== Dataset records ==
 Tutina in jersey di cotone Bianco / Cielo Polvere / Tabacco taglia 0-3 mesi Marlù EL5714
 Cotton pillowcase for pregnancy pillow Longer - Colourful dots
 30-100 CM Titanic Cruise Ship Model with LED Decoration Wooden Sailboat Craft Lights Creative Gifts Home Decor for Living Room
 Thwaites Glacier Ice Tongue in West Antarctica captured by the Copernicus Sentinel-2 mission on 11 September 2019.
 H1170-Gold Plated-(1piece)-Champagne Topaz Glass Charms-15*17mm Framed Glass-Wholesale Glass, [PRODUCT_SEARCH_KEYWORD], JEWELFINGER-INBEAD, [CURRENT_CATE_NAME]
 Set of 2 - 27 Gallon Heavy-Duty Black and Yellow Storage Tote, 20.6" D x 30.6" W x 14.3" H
==
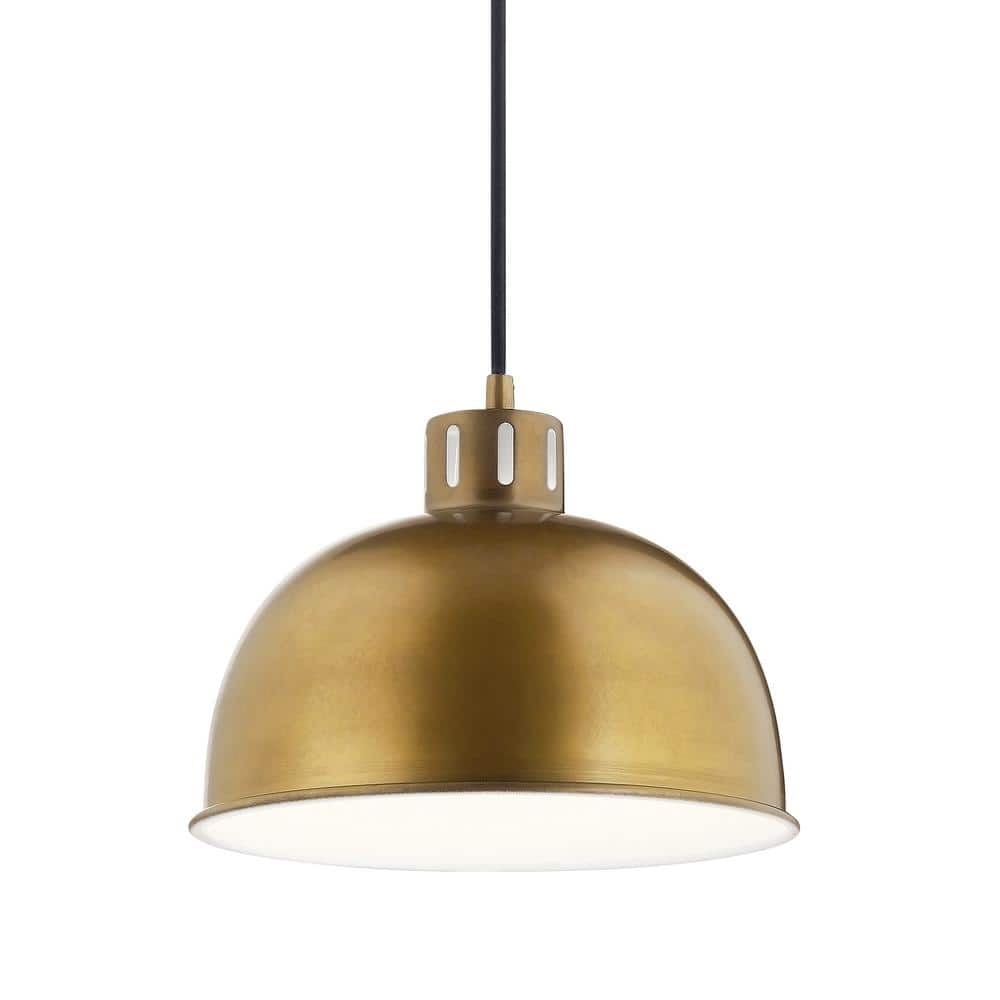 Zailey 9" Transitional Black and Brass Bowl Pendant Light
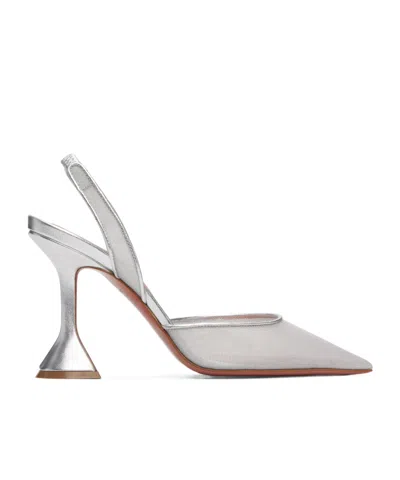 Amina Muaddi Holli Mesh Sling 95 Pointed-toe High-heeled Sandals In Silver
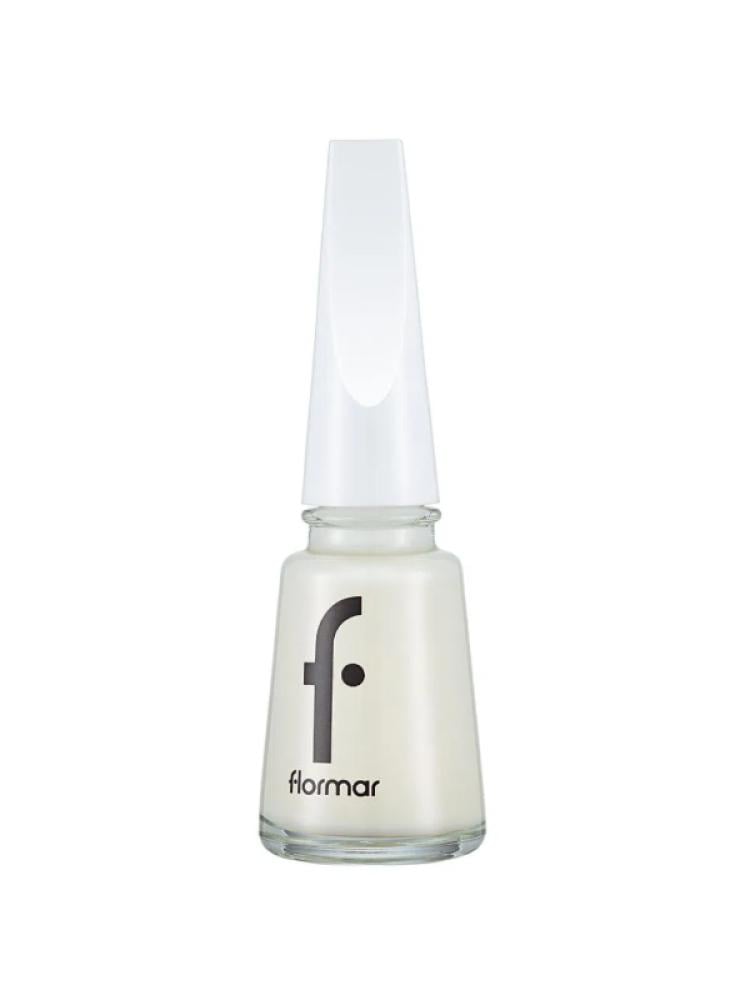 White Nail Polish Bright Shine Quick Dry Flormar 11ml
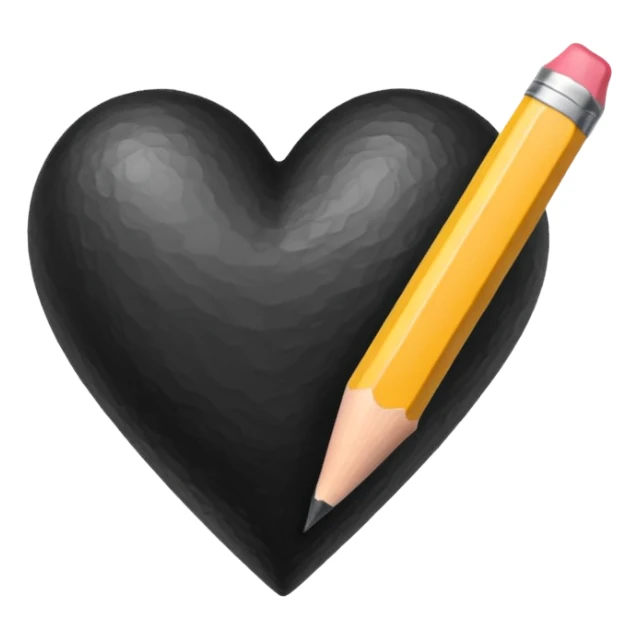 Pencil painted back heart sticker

== Your objective ==
Look through the material above and print exactly the lines from the one containing "H1170-Gold Plated-(1piece)-Champagne Topaz" to the one containing "Set of 2 - 27", both included, and nothing more.

== Expected answer ==
 H1170-Gold Plated-(1piece)-Champagne Topaz Glass Charms-15*17mm Framed Glass-Wholesale Glass, [PRODUCT_SEARCH_KEYWORD], JEWELFINGER-INBEAD, [CURRENT_CATE_NAME]
 Set of 2 - 27 Gallon Heavy-Duty Black and Yellow Storage Tote, 20.6" D x 30.6" W x 14.3" H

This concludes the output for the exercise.